Input records below:
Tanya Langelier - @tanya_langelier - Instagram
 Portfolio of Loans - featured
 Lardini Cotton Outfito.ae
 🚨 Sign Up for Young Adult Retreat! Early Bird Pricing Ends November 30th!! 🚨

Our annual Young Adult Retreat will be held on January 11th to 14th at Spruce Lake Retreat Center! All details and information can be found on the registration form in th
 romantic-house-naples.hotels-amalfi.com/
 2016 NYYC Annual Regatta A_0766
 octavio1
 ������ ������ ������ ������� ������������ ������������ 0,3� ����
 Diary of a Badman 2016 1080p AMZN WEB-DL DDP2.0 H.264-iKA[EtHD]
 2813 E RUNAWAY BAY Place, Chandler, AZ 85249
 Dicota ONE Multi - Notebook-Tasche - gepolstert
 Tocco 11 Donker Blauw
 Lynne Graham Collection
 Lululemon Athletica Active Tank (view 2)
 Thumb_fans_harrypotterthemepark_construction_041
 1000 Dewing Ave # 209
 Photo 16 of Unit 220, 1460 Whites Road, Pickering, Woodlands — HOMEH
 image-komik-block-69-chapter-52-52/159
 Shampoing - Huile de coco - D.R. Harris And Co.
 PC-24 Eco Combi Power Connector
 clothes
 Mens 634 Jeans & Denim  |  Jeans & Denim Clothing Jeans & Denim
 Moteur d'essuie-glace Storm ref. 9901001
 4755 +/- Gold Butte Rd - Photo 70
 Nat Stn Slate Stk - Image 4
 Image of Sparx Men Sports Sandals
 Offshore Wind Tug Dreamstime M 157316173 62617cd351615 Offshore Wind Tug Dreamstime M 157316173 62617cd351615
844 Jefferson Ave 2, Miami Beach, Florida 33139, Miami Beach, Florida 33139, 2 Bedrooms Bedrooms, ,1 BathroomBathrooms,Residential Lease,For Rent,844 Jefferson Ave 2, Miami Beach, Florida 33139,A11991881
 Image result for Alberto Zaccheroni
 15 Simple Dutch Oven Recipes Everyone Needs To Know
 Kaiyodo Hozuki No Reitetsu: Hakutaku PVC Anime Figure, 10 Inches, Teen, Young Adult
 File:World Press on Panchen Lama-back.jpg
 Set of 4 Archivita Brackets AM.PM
End of Input records.
§ **Task details**: If a line in the entries contains the word "Adult", copy that line out.

§ **Answer space**:
 🚨 Sign Up for Young Adult Retreat! Early Bird Pricing Ends November 30th!! 🚨
Our annual Young Adult Retreat will be held on January 11th to 14th at Spruce Lake Retreat Center! All details and information can be found on the registration form in th
 Kaiyodo Hozuki No Reitetsu: Hakutaku PVC Anime Figure, 10 Inches, Teen, Young Adult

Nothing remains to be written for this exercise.